More discussion about Reinforcement Theory

Among all the theories of motivation, Reinforcement Theory is the one that I believe in the most, mainly because its idea is totally common sense to me: behaviors that lead to good consequences will be repeated and vice versa, behaviors that have negative outcomes will be discontinued. I kinds of grew up with this theory since it was applied by my parents regularly and I am pretty sure that the theory is also applied by most of the parents. As a result, it is very easy to understand the reason why this theory is very common sense to most of us.

Despite the common sense and simplicity of Reinforcement Theory, it is very interesting that the theory is not always be applied in organizations. It is not rare to see the following scenarios:
  • People go above and beyond the call of duty or exceed the expectations but their contributions are ignored or sometimes, their actions are even criticized.
  • People with bad behaviors receive no punishments.
  • Sometimes, people with bad behaviors may even be promoted so that they will be transferred to another location and become someone else’s problem.
  • People are rewarded for the wrong kind of behavior. For example, a company whose strategic plan focuses on quality only rewards its employees for meeting the deadline regardless of the amount of defects contained in the release.

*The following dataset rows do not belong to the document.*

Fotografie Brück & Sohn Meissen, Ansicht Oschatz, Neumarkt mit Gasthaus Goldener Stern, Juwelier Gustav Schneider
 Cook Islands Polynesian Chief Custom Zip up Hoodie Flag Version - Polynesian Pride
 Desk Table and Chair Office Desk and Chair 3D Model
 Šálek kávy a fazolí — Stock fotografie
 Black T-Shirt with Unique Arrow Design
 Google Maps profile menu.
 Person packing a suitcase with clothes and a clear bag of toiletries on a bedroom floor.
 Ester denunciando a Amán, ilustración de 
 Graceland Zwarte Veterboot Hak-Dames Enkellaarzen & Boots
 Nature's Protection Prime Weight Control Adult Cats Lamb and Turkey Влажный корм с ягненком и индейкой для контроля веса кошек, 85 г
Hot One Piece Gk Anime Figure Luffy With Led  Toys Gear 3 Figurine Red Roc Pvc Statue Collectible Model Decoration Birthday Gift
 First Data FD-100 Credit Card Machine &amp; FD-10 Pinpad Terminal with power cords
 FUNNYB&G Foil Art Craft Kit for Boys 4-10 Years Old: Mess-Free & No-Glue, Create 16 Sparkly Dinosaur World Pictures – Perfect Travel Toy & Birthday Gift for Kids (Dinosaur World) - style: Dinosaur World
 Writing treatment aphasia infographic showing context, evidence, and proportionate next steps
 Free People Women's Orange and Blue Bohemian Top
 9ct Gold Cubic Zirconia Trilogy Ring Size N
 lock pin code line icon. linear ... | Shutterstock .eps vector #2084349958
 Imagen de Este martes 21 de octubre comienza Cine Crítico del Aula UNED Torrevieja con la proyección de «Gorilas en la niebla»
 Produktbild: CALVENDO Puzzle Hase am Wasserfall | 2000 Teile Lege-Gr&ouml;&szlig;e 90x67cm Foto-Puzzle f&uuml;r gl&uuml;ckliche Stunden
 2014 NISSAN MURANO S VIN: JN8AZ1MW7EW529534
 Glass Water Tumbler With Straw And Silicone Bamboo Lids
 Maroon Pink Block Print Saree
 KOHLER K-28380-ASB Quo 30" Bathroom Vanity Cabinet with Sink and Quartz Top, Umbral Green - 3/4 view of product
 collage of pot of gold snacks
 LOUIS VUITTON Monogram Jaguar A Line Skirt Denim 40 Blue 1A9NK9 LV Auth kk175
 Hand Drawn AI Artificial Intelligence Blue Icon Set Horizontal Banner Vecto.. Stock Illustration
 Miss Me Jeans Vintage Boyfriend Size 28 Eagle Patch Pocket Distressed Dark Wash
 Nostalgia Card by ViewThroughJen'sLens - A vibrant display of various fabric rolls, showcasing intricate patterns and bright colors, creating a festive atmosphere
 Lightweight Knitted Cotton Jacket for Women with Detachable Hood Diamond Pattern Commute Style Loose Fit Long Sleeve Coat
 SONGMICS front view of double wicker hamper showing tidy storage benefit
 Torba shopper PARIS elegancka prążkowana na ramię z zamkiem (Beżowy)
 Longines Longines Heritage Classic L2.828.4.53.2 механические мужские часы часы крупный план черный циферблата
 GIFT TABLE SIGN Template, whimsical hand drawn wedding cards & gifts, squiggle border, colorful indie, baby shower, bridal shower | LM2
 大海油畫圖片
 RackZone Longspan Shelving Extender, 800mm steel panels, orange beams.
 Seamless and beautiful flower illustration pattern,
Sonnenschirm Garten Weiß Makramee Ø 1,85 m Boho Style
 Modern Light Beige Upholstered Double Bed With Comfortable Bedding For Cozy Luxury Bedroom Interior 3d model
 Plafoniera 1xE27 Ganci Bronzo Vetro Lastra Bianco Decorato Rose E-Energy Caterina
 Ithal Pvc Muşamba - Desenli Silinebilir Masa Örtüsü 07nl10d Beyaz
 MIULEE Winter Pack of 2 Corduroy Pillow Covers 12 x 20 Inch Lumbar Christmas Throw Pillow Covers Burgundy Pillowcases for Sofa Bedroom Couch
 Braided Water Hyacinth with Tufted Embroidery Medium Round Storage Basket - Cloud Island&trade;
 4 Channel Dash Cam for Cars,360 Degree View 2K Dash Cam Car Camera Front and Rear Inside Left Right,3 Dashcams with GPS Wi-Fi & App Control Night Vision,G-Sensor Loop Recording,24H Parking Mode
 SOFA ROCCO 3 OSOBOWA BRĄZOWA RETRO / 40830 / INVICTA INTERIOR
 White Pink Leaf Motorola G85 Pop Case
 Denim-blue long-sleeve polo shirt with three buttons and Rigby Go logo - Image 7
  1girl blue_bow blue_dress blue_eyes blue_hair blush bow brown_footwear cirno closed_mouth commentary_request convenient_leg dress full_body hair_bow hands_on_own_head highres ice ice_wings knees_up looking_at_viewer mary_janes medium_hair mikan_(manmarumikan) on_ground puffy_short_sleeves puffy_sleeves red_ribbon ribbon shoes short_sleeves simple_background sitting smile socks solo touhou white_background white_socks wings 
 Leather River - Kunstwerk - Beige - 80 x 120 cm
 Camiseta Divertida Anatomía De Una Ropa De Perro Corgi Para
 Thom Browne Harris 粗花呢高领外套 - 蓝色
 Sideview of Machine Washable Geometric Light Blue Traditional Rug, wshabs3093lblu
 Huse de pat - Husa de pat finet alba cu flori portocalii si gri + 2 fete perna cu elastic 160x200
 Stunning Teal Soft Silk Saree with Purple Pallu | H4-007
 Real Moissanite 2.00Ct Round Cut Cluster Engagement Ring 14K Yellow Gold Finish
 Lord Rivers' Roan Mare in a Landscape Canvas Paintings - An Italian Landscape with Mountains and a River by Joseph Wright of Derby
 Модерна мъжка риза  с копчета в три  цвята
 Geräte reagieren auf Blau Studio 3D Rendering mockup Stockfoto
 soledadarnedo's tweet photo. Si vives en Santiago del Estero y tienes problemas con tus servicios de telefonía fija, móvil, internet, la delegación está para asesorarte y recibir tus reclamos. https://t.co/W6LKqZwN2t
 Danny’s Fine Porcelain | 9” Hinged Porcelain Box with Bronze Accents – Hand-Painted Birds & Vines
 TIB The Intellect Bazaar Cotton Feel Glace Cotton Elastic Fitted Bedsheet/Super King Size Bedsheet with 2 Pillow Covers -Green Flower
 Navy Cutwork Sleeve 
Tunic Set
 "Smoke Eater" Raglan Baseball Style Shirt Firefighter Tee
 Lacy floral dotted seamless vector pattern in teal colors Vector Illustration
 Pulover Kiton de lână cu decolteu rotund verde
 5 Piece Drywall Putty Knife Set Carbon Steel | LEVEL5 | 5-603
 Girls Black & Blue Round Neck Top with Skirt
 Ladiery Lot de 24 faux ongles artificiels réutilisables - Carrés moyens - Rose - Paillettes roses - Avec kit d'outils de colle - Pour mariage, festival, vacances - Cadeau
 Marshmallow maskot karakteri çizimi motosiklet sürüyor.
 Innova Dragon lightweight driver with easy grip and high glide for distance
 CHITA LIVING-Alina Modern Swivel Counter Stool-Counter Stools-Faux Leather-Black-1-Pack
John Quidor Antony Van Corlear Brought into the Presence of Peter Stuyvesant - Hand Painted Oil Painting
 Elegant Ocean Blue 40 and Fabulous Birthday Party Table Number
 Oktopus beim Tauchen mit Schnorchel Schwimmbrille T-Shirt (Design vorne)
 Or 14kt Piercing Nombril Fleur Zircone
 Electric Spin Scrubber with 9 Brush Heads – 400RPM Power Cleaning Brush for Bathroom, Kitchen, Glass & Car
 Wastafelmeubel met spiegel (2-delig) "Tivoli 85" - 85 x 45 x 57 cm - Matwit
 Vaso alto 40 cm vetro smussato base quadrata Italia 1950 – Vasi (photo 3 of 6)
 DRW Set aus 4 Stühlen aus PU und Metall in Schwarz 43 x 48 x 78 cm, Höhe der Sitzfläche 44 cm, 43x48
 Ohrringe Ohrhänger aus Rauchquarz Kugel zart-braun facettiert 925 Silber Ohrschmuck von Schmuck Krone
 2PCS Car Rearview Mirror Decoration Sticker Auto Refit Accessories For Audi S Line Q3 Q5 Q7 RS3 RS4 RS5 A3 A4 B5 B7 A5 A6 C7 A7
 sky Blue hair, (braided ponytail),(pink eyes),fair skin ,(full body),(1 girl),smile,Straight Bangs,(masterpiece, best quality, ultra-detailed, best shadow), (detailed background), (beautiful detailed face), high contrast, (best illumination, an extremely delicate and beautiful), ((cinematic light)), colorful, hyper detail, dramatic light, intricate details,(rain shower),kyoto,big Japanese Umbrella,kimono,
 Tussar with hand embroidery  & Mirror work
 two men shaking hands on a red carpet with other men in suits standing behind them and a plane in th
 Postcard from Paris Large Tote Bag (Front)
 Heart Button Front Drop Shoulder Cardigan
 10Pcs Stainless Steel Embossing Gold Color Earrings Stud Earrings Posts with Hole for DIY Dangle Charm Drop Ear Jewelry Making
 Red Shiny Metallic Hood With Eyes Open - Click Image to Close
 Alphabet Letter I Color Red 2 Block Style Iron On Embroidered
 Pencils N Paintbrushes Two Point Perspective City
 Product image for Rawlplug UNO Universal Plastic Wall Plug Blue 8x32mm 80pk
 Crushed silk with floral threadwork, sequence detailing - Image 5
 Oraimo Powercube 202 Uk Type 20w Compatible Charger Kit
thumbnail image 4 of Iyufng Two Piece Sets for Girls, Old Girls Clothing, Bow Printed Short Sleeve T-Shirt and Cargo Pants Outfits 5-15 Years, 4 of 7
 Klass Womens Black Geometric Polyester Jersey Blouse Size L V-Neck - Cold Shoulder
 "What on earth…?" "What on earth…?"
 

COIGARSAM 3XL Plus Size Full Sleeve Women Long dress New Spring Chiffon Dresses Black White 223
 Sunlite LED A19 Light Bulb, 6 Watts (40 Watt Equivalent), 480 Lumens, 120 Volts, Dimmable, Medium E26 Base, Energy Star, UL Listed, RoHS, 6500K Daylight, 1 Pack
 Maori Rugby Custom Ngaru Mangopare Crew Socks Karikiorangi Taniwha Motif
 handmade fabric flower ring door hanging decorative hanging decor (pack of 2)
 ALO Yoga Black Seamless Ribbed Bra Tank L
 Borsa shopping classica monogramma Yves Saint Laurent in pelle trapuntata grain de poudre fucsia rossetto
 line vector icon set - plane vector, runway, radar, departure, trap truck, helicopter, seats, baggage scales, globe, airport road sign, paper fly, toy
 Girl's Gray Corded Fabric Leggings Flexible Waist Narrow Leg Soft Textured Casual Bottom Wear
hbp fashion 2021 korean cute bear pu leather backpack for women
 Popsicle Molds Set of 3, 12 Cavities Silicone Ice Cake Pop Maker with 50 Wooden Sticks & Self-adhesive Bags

Among these scenarios, I myself usually see the second one (people with bad behaviors receive no punishments) mainly because the managers are afraid of the reaction the person will give when confronted or because the company culture discourages punishments.

According to Reinforcement Theory, employee behavior can be modified using the following methods:
  • Positive Reinforcement: Possible behavior followed by positive consequences. It is important that the positive consequences should follow the positive behavior immediately so that the employee can see the link between them.
  • Negative Reinforcement: Positive behavior followed by removal of negative consequences. This method is used to increase the desired behavior.
  • Extinction: Negative behavior is followed by removal of positive consequences. This method decreases the frequency of negative behaviors and helps to avoid the situation when negative behaviors are demonstrated because they are being inadvertently rewarded.
  • Punishment: Negative behavior is followed by negative consequences. This method is used to decrease the frequency of undesirable behaviors.

In my opinion, the “Positive reinforcement” and “Punishment” methods are more effective because they show a clear relationship between the behaviors and the consequences as well as send a strong message to the employees. Some companies, such as the one that I am currently working for, discourage the usage of punishments. However, in my opinion, punishments should be as necessary as rewards to ensure appropriate behaviors in an organization. We just need to be more careful when defining and applying punishments.

There is a systematic application of Reinforcement Theory to modify employee behaviors in organization. This model is called the Organizational Behavior Modification which consists of five stages:

Organizational Behavior Modification

Let’s say that we want to eliminate the bad behavior of being late to meetings. Here is how we apply the five steps of the Organizational Behavior Modification model:
  • Step 1: Identify the behavior that need to modified, which is being late to meetings.
  • Step 2: Measure the baseline level: The percentage of meetings that a specific employee is late to.
  • Step 3: Analyze the reasons and outcomes: Why is this employee late for meeting? What are the consequences of this lateness?
  • Step 4: Intervene: Remove the positive outcomes (can not be accessed for the title employee of the month) or punish the employee (cut off bonus).
  • Step 5: Evaluate and maintain: The behavior of being late to meetings is measured periodically and maintained.

Reference
Bauer, T. and Erdogan, Berrin., 2009. Organizational Behavior. 1st ed. Flat World Knowledge, Inc.